* DATA EXTRACTS
===

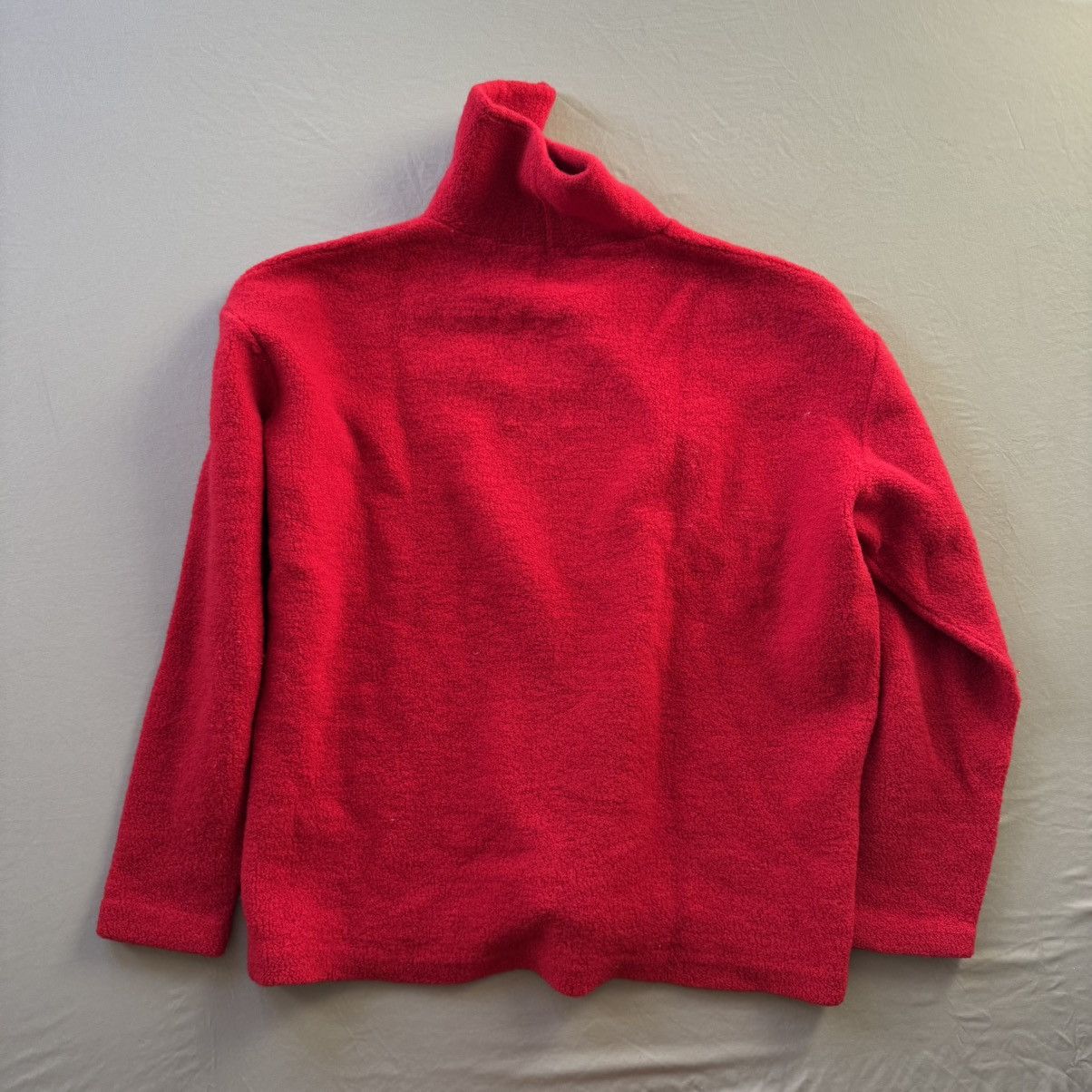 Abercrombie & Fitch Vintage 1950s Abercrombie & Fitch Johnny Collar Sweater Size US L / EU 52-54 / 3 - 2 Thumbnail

===

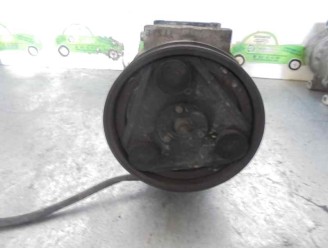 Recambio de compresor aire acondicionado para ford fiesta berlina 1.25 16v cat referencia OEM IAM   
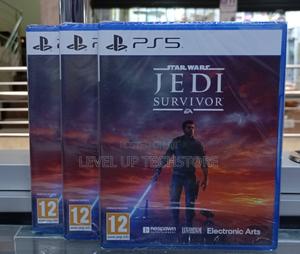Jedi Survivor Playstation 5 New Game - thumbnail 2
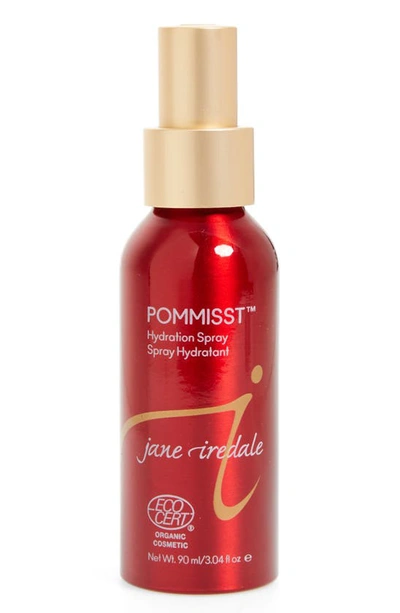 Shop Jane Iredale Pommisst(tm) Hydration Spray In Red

===

* GOAL OF THE EXERCISE
The lines to copy exactly start with the line above that has "Jedi Survivor Playstation" and go on through the line that has "Shop Jane Iredale"; please include both, add nothing else, and omit the pictures.

* RESPONSE FOR THIS EXERCISE
Jedi Survivor Playstation 5 New Game - thumbnail 2
 Shop Jane Iredale Pommisst(tm) Hydration Spray In Red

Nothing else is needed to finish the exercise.